I siti della club culture si rimpallano la notizia e le ipotesi. Avicii beveva, lo sapevano tutto, in passato aveva sofferto di pancreatite acuta, in parte dovuta anche all'eccesso di bevute. Dopo l'asportazione della cistifellea e dell'appendicite nel 2014, aveva cancellato una serie concerti. Ma stava bene, o almeno così pareva, così credevano i fans che appena tre giorni fa si erano complimentati con lui per la nomination ai Billboard Music Award conquistata con l'ep «Avicii (01)», uscito nell'agosto 2017. Di premi, da alfiere della «edm» ne aveva già vinti diversi: due MTV Music Awards, un Billboard Music Award, oltre a due nomination ai Grammy.

Se n'è andato a 28 anni, chissà come, chissà perché, eppure aveva già alle spalle una lunga carriera, la musica era entrata nella sua vita da adolescente: a 16 anni le prime produzioni, a 18 il primo tour. Nel 2012 era già nella classifica dei dieci dj più pagati del mondo, guidata da Tiesto, danese, con un cachet di 250.000 dollari a esibizione e un guadagno annuo di 22 milioni di dollari. Lui, decimo, si fermava a quota 7 milioni, con un cachet di centomila dollari per dj set.
Ma i soldi non sono tutto, non bastano a volte, anche se quando non ne hai è più difficile. «Quando mi guardo indietro, penso: wow, ho fatto io tutto questo? È stato il momento migliore della mia vita, ma con un prezzo - molto stress e molta ansia per me: è stato il miglior viaggio della mia vita», aveva confessato, tornando su quel buco nero dello stress.
Nel 2013 lo avevamo visto atterrare con un elicottero privato ad Anacapri, prima di rifugiarsi nella lussuosissima Suite Paltrow del Capri Palace. I suoi successi non dicono niente a chi non li ha ballati, dicono tanto a chi ci ha sudato sopra, lucido o meno: «Le7els» del 2011, «Wake me up» del 2013, «Hey brother» ancora dello stesso anno come anche «Addicted to you», «The nights» del 2015.
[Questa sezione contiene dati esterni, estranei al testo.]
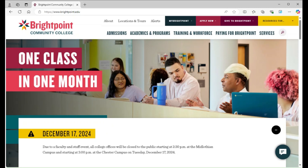Please note that it is highly recommended that you schedule an appointment with your advisor before dropping a class. If you can't connect with your advisor, schedule an appointment with the Help Hub. Additionally, dropping a class could change your financial aid eligibility, so it is important to consult with your advisor or financial aid counselor before making any changes.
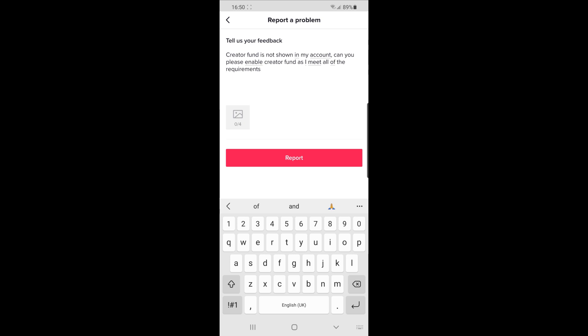Once you've put in a simple message like this, it will be sent to TikTok. They will process the message, and you should get access to the creator fund if you meet all of the requirements.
Meno famoso, ma nemmeno troppo, di David Guetta e Calvin Harris, per qualcuno come Benny Benassi era semplicemente «il più forte di tutti», era stimato dai padri fondatori della dance come Giorgio Moroder, aveva collaborato con Madonna («Devil pray»), Coldplay, Rita Ora, Santana, Lenny Kravitz («Superlove»). Netflix aveva raccontato il tour del suo ritiro nel docufilm «Avicii: true stories».

«È successo qualcosa di veramente orribile. Abbiamo perso un amico con un cuore così bello e il mondo ha perso un musicista di incredibile talento. Grazie per le tue bellissime melodie, per il tempo che abbiamo condiviso in studio, suonando insieme come dj o semplicemente godendoci la vita da amici. Riposa in pace», ha scritto proprio Guetta su Instragram, sotto una foto che li ritrae insieme.